How should DreamFactory administrators ensure the data security and integrity for production deployment?
Data security and integrity is ensured by following key best practices associated with building any HTTP-based API solution:
- Ensure the server software (Nginx, PHP, etc) and associated dependencies are updated to reduce the possibility of third-party intrusion through disclosed exploits.
- Stay up to date with DreamFactory correspondence regarding any potential platform security issues.
- Periodically audit the DreamFactory role definitions to ensure proper configuration.
- Periodically audit database user accounts used for API generation and communication to ensure proper configuration. In this case, proper configuration is defined as ensuring each user account is assigned a minimally viable set of privileges required for the API to function is desired.
- Periodically audit API keys, disabling or deleting keys no longer in active use.
- If applicable (requires Enterprise license), use DreamFactory’s logging integration to send traffic logs to a real-time monitoring solution such as Elastic Stack or Splunk.

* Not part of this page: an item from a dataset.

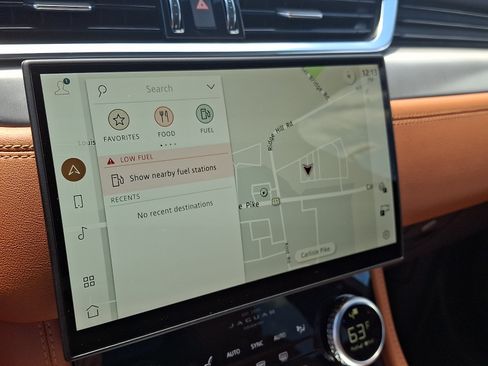 New 2026 Jaguar F-PACE R-Dynamic S AWD/4WD image 15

- If applicable (requires Enterprise license), use DreamFactory’s restricted administrator feature to limit administrator privileges.
What is the method for DreamFactory Encryption for data at Rest ? is it enabled by default or do we have to do it manually?
DreamFactory does not by default store any API data as it passes through the platform. Some connectors offer an API data caching option which will improve performance, however the administrator must explicitly enable this option. Should caching be enabled, data can be stored in one of several supported caching solutions, including Redis and Memcached. Solutions such as Redis are designed to be accessed by “trusted clients within trusted environments”, as described by for instance the Redis documentation: https://redis.io/topics/security.
How does DreamFactory encrypt data in transit? Is it enabled by default or are additional steps required?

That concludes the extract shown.